SS has been directed by California environmental agencies to investigate and take corrective action for groundwater contamination at
its facilities located in El Mirage and Monrovia, California. Based on currently available information, Ducommun has established a
reserve for its estimated liability for such investigation and corrective action of approximately $1.5 million at December 31, 2015,
which is reflected in other long-term liabilities on its consolidated balance sheet.

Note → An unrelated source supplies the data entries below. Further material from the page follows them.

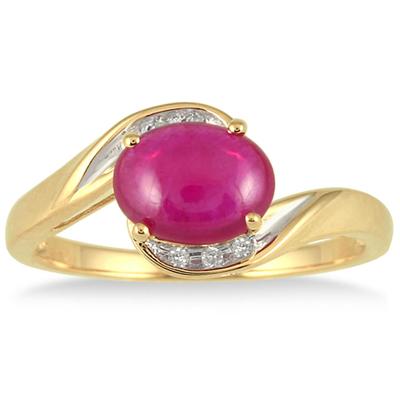 1.75 Carat Oval Cabochon Ruby and Diamond Ring in 10K Yellow Gold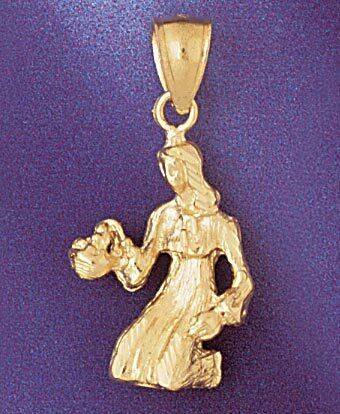 Virgo Virgin Zodiac Pendant Necklace Charm Bracelet in Yellow, White or Rose Gold 9421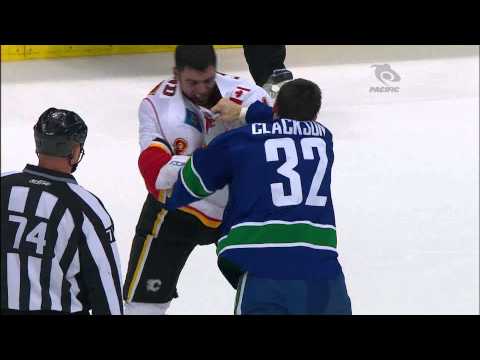 Canucks Vs Flames - Clackson Vs Leblond - 2011Pre-Season - 09.20.11 - HD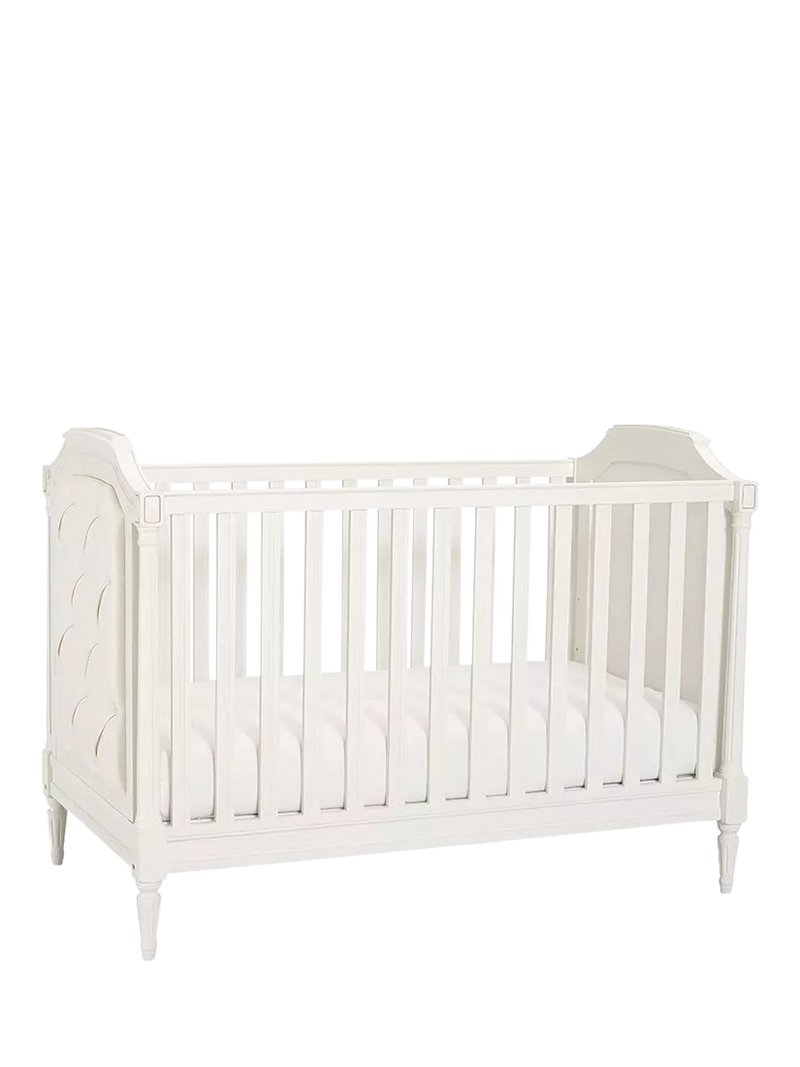 Pottery Barn Kids Blythe Upholstered Convertible Cot in French White, imported from the UK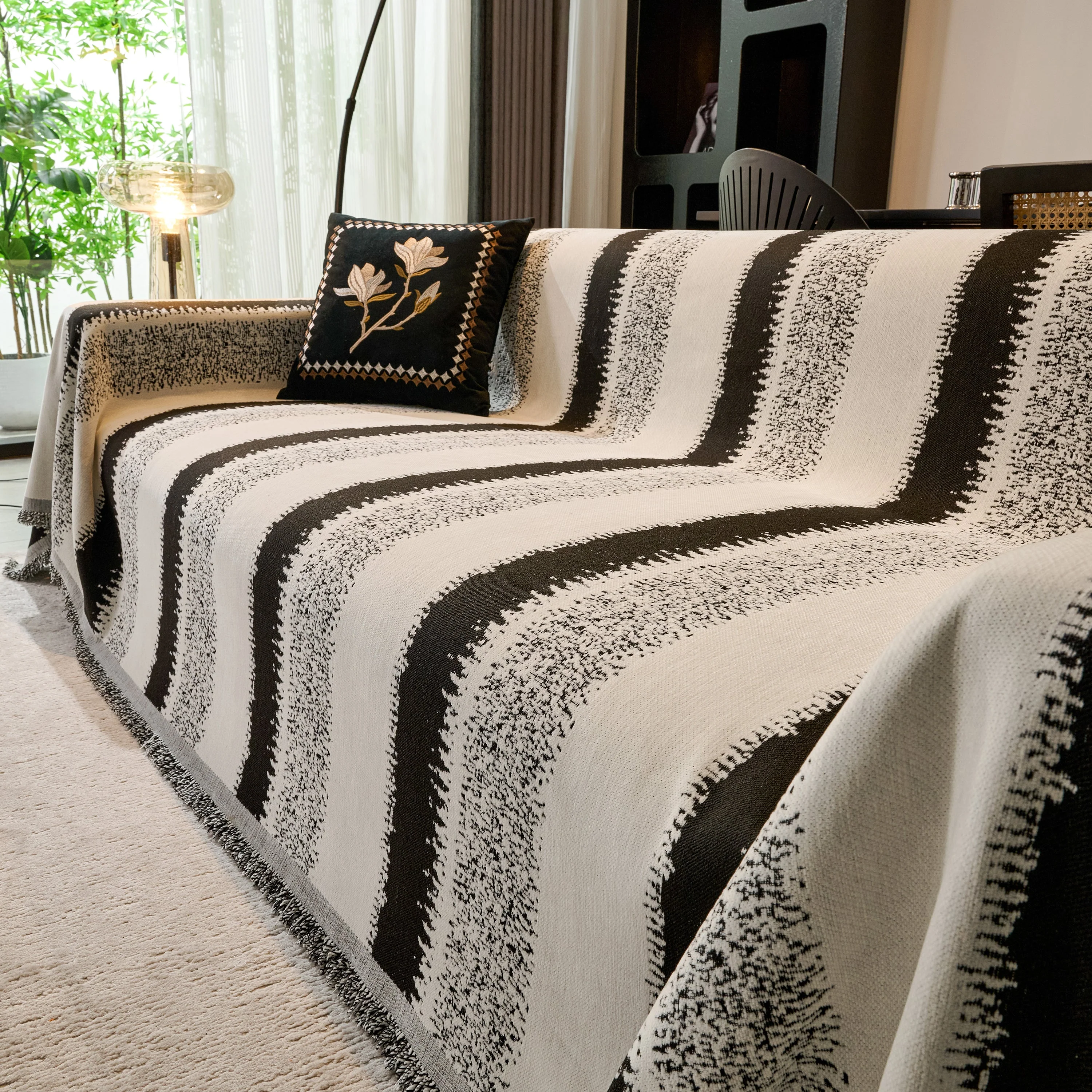 Chenille Reversible Rainbow Couch Cover Blanket for Sofas, Pet Friendly Couch Slipcovers with Tassel - Image 6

SS also faces liability as a potentially responsible party for hazardous waste disposed at landfills located in Casmalia and West
Covina, California. SS and other companies and government entities have entered into consent decrees with respect to these landfills
with the United States Environmental Protection Agency and/or California environmental agencies under which certain investigation,
remediation and maintenance activities are being performed. Based on currently available information, Ducommun preliminarily
estimates that the range of its future liabilities in connection with the landfill located in West Covina, California is between
approximately $0.4 million and $3.1 million. Ducommun has established a reserve for its estimated liability, in connection with the
West Covina landfill of approximately $0.4 million at December 31, 2015, which is reflected in other long-term liabilities on its
consolidated balance sheet. Ducommun’s ultimate liability in connection with these matters will depend upon a number of factors,
including changes in existing laws and regulations, the design and cost of construction, operation and maintenance activities, and the
allocation of liability among potentially responsible parties.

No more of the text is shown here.